Entra o septuagenário Erasmo Carlos, uma das maiores estrelas dentre os
roqueiros da Jovem Guarda na década de 1960 e dono de hits como É
Proibido Fumar, que vai completar meio século no próximo ano. A troca
das beldades pelo vovô Tremendão representa bem a mudança de estilo na
terceira maior cervejaria do País, desde que a japonesa Kirin adquiriu a
Schincariol, por R$ 6,2 bilhões, no fim de 2010. Desaparecem a
agilidade, a agressividade e a informalidade de gestão, sobretudo no
relacionamento com o Fisco, que chegava até a colocar a família
Schincariol em problemas com a Justiça.
É uma Brasa, mora!: Erasmo Carlos, veterano da Jovem Guarda, foi recrutado para ajudar
a ampliar as vendas. Mas, pelo jeito, desafinou
Passam a ser um mantra o cuidado, a qualidade de processos, os
extensos estudos de mercado e até certa lentidão da jovem guarda da
empresa, formada pelos controladores japoneses e por um corpo de
executivos vindo de gigantes multinacionais de bens de consumo, em
especial da anglo-holandesa Unilever. “Para nós, há quatro palavrinhas
básicas: metodologia, governança, disciplina e constância”, afirma o CEO
da Brasil Kirin, Gino Di Domenico, filho de italianos nascido no Peru e
que vive desde os anos 1970 no Brasil.
Essa visão ficou clara na estratégia de lançamento dos
refrigerantes com fibras Fibz, no começo de outubro. Trata-se do projeto
mais importante deste ano da Kirin e faz parte do plano de
investimentos da empresa de R$ 1 bilhão até 2014. Mas, apesar de toda a
sua relevância, o Fibz demorou 18 meses para chegar ao mercado. Esse
tempo foi usado em pesquisas de mercado, estudo do consumidor potencial,
escolha das embalagens e na definição do nome do produto. Por tudo
isso, a ambição da Kirin com o Fibz não tem limites. “Queremos
reinventar a categoria de refrigerantes, que combine sabor com saúde”,
diz Maria Inez Murad, vice-presidente de marketing.
Aposta ousada: Di Domenico, da Brasil Kirin, investe em refrigerante
à base de fibras para tentar ganhar mercado no Brasil
Essa postura, é claro, dá mais garantias de que lançamentos como o
Fibz tenham sucesso no mercado.
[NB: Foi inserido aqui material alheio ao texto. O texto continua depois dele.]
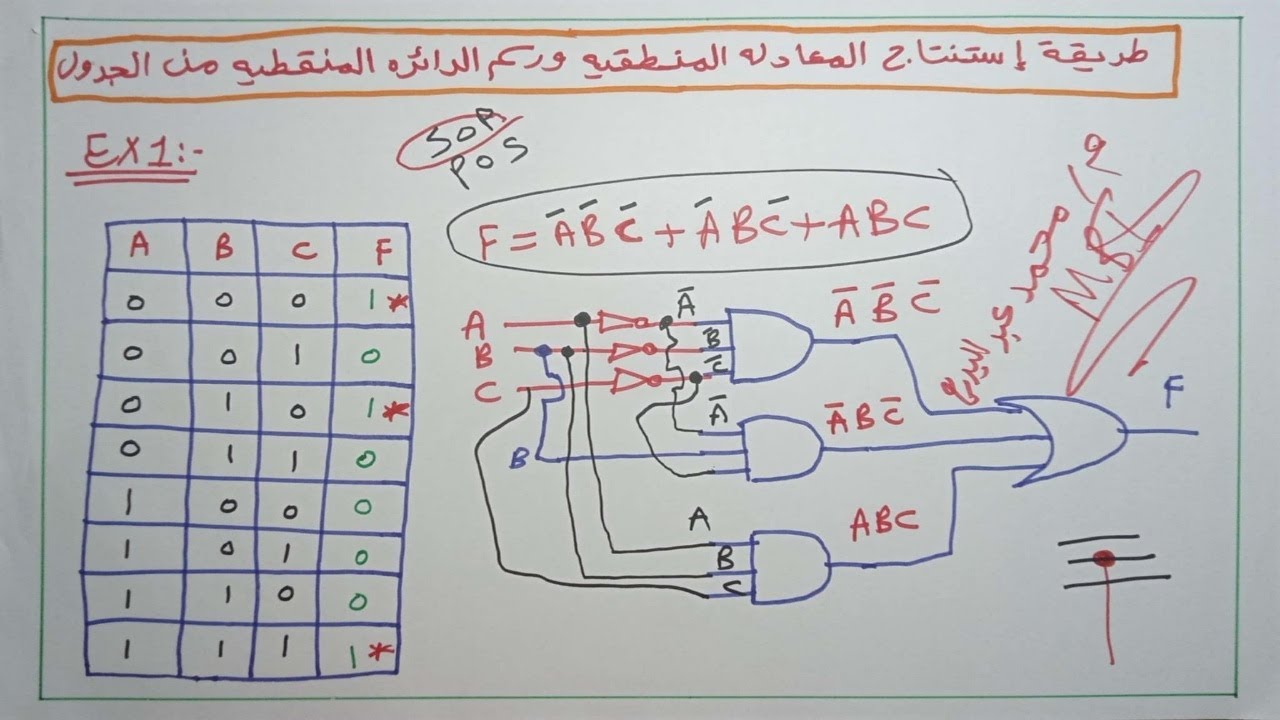 طريقة استنتاج المعادله المنطقية و الدائرة المنطقية من جدول الحقيقه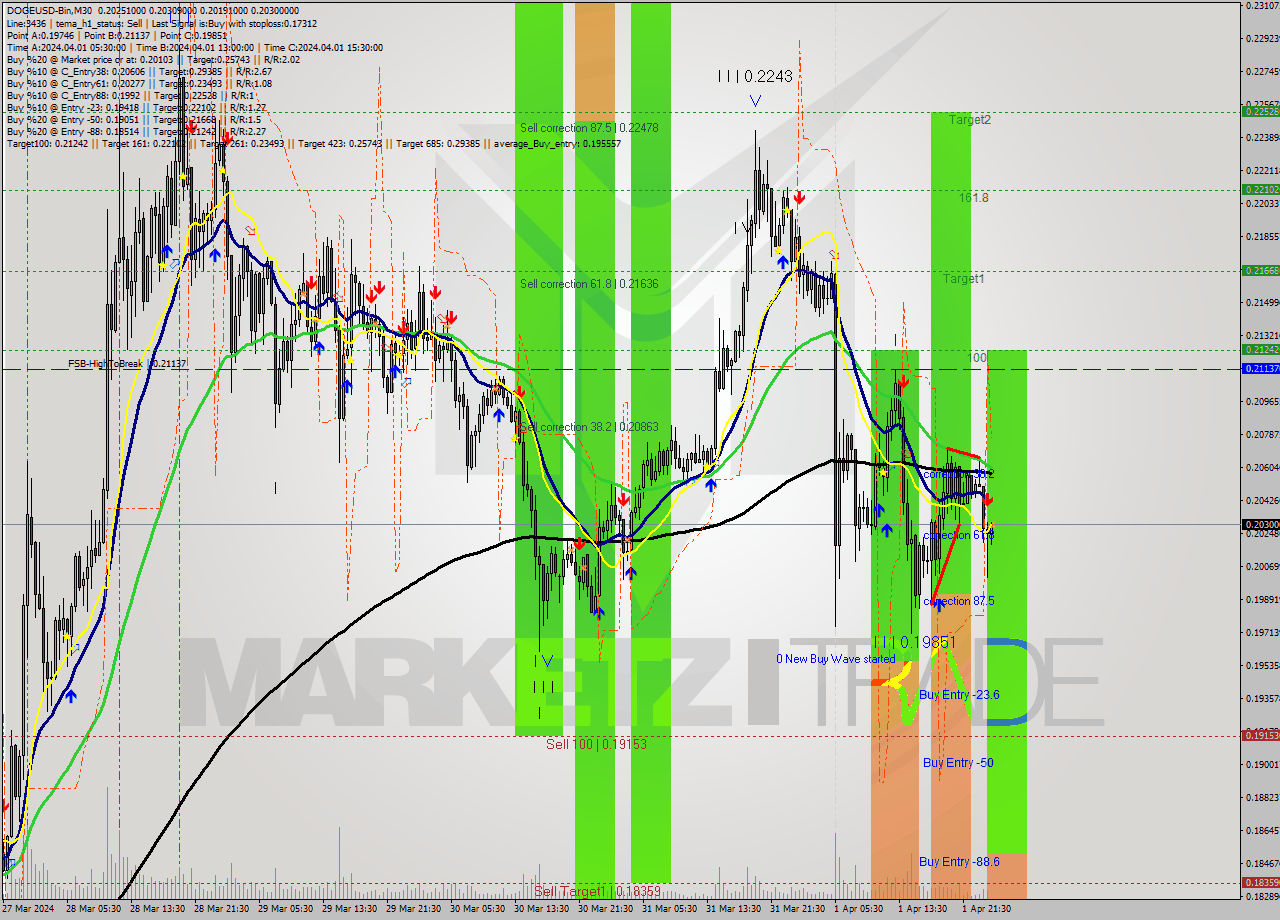 DOGEUSD-Bin M30 Signal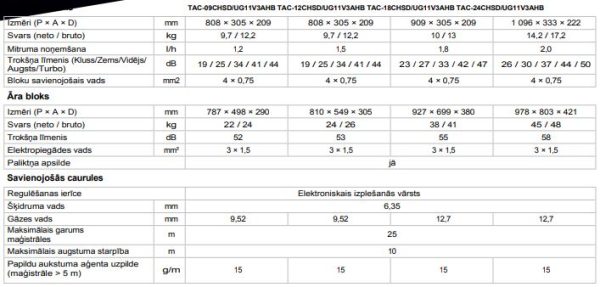 br2spec TCL Ocarina BreezeIN 2.0 sērija UG11 3,5kW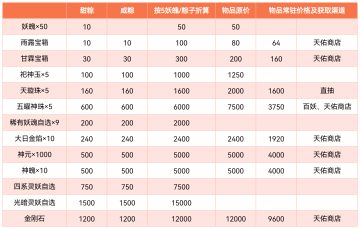 紧急插播一条粽子兑换攻略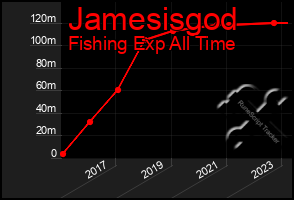 Total Graph of Jamesisgod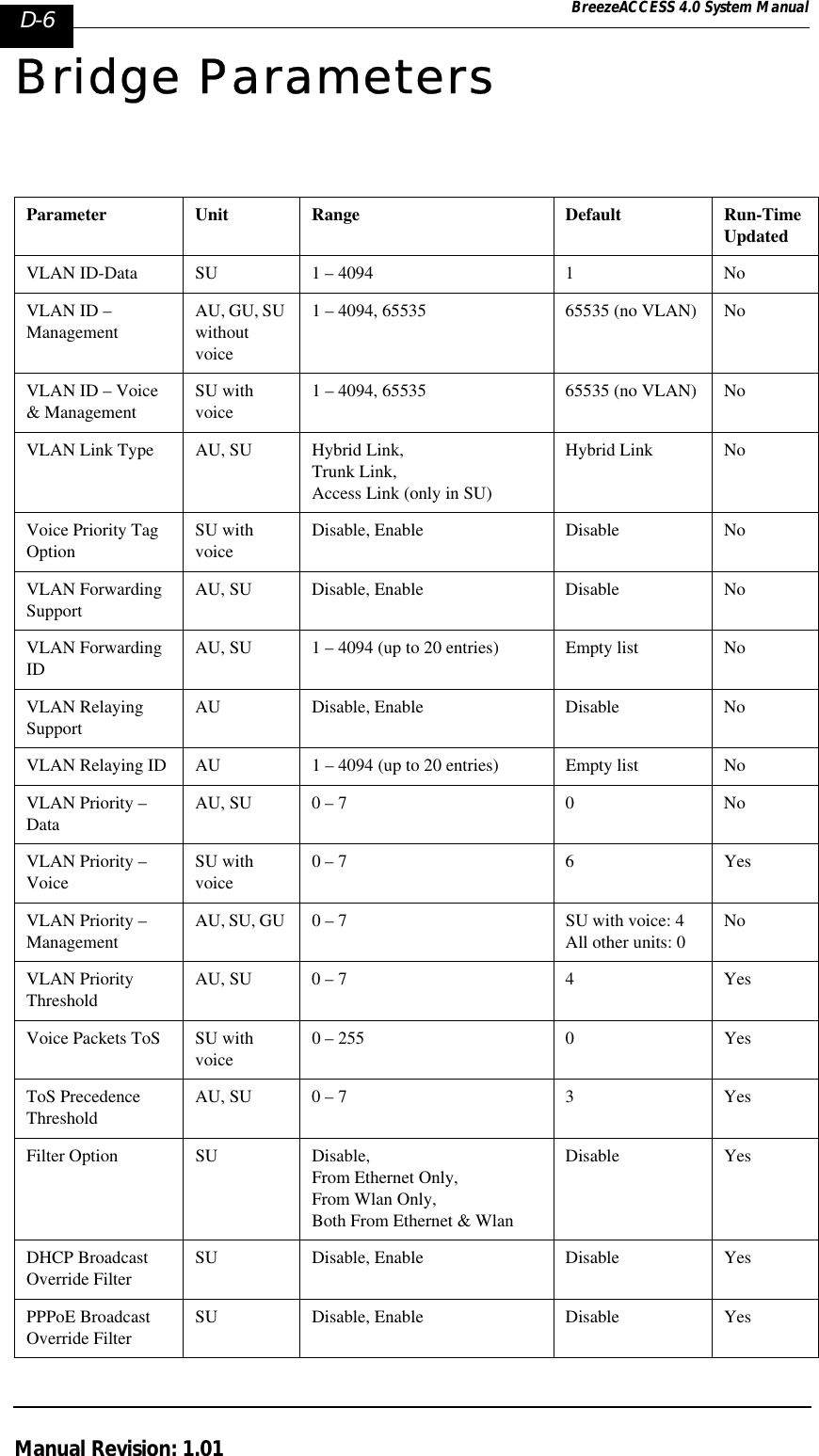 D-6 BreezeACCESS 4.0 System ManualManual Revision: 1.01Bridge ParametersParameter Unit Range Default Run-Time UpdatedVLAN ID-Data SU 1 – 4094 1 NoVLAN ID – ManagementAU, GU, SU without voice1 – 4094, 65535  65535 (no VLAN) NoVLAN ID – Voice &amp; ManagementSU with voice1 – 4094, 65535  65535 (no VLAN) NoVLAN Link Type AU, SU Hybrid Link,Trunk Link,Access Link (only in SU)Hybrid Link NoVoice Priority Tag Option SU with voiceDisable, Enable Disable NoVLAN Forwarding SupportAU, SU Disable, Enable Disable NoVLAN Forwarding IDAU, SU 1 – 4094 (up to 20 entries) Empty list NoVLAN Relaying SupportAU Disable, Enable Disable NoVLAN Relaying ID AU 1 – 4094 (up to 20 entries) Empty list NoVLAN Priority – DataAU, SU 0 – 7 0 NoVLAN Priority – VoiceSU with voice0 – 7 6 YesVLAN Priority – ManagementAU, SU, GU  0 – 7 SU with voice: 4All other units: 0 NoVLAN Priority ThresholdAU, SU 0 – 7 4 YesVoice Packets ToS SU with voice0 – 255 0 YesToS Precedence ThresholdAU, SU 0 – 7 3 YesFilter Option SU Disable, From Ethernet Only,From Wlan Only,Both From Ethernet &amp; Wlan Disable YesDHCP Broadcast Override FilterSU Disable, Enable Disable YesPPPoE Broadcast Override FilterSU Disable, Enable Disable Yes
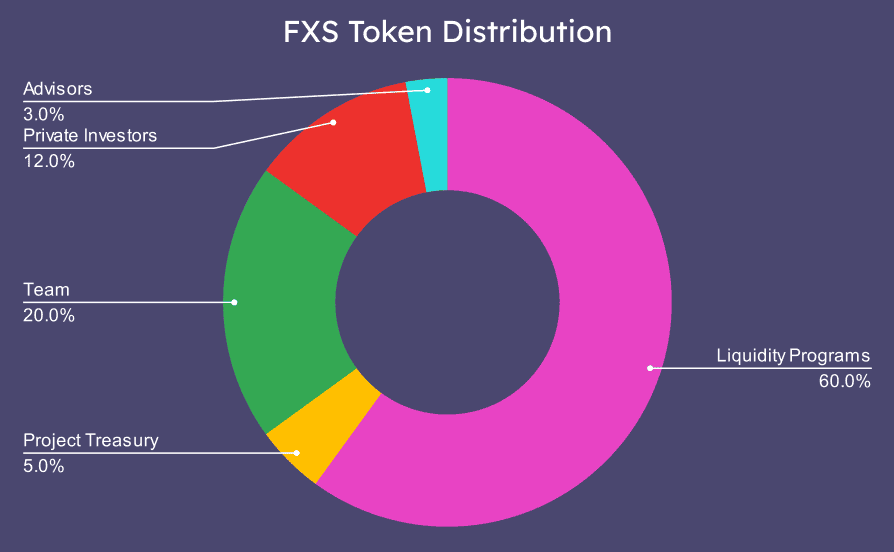 A chart showing the FXS Token Distribution.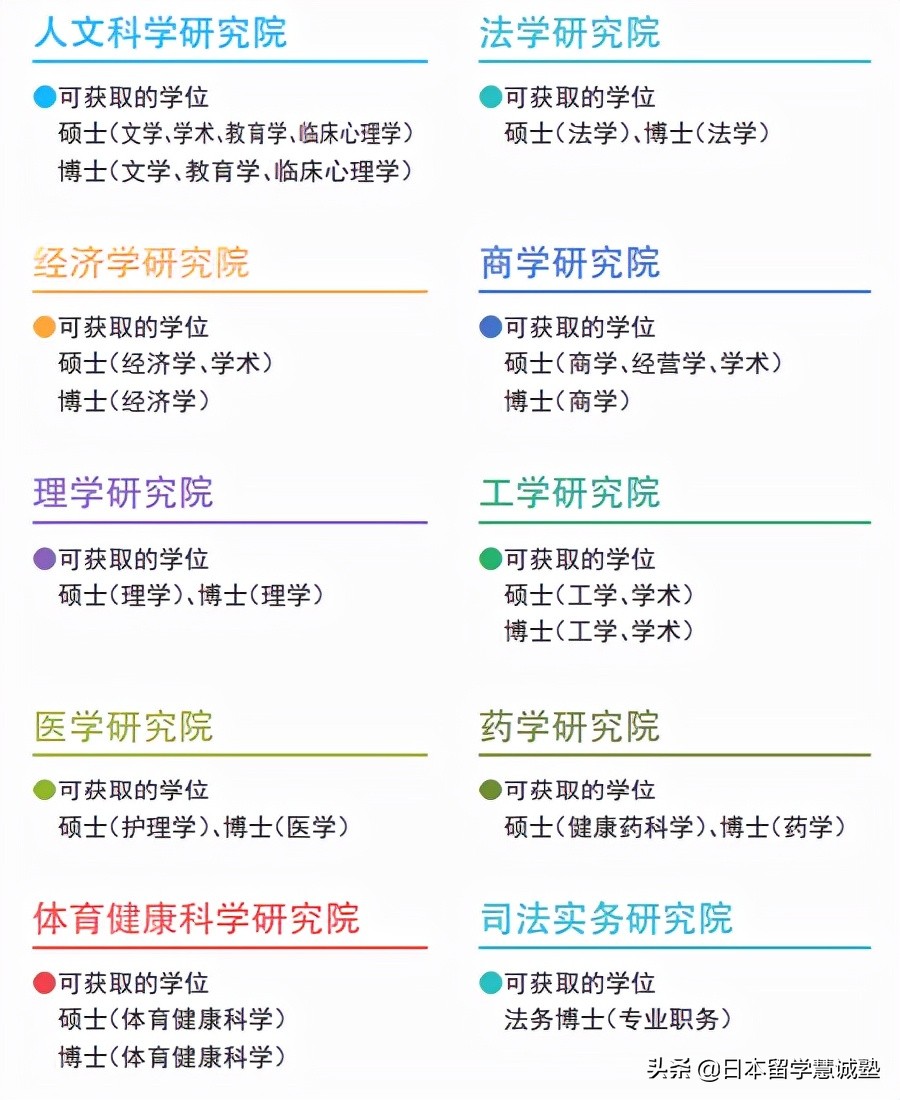 日本留学出愿指南帝京大学,日本留学福冈大学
Para quem observa de fora, no entanto, a
empresa parece engessada. Há vários sinais de que isso possa ser
verdade. A Kirin já havia perdido a segunda posição do mercado de
cervejas para o grupo Petrópolis – a diferença é de apenas 0,25 ponto
percentual. Em agosto deste ano, sua marca Nova Schin foi superada pela
Itaipava, a principal bebida da concorrente, segundo dados da empresa de
pesquisas Nielsen. As vendas de cervejas da Kirin caíram 0,7% no
primeiro semestre de 2013, fazendo com que a projeção de faturamento
fosse revisada para R$ 4 bilhões neste ano, o que equivale a R$ 120
milhões a menos do que a meta inicial.
Não é um desempenho a ser comemorado, muito menos para soltar
rojões. Mas, mesmo assim, é menor do que a queda do mercado, que foi de
2% no mesmo período. Estilo japonês Desde que assumiu o comando da
Kirin, Di Domenico, que ocupava a diretoria de operações sob os antigos
controladores, dividiu a estratégia da empresa em três etapas. O
primeiro ano sob a direção da Kirin foi tomado por uma reestruturação e
um avanço na profissionalização que os primos Gilberto e Adriano
Schincariol já vinham buscando. “Colocamos o trem nos trilhos, definimos
prioridades e o que cada um precisa fazer”, afirma Di Domenico.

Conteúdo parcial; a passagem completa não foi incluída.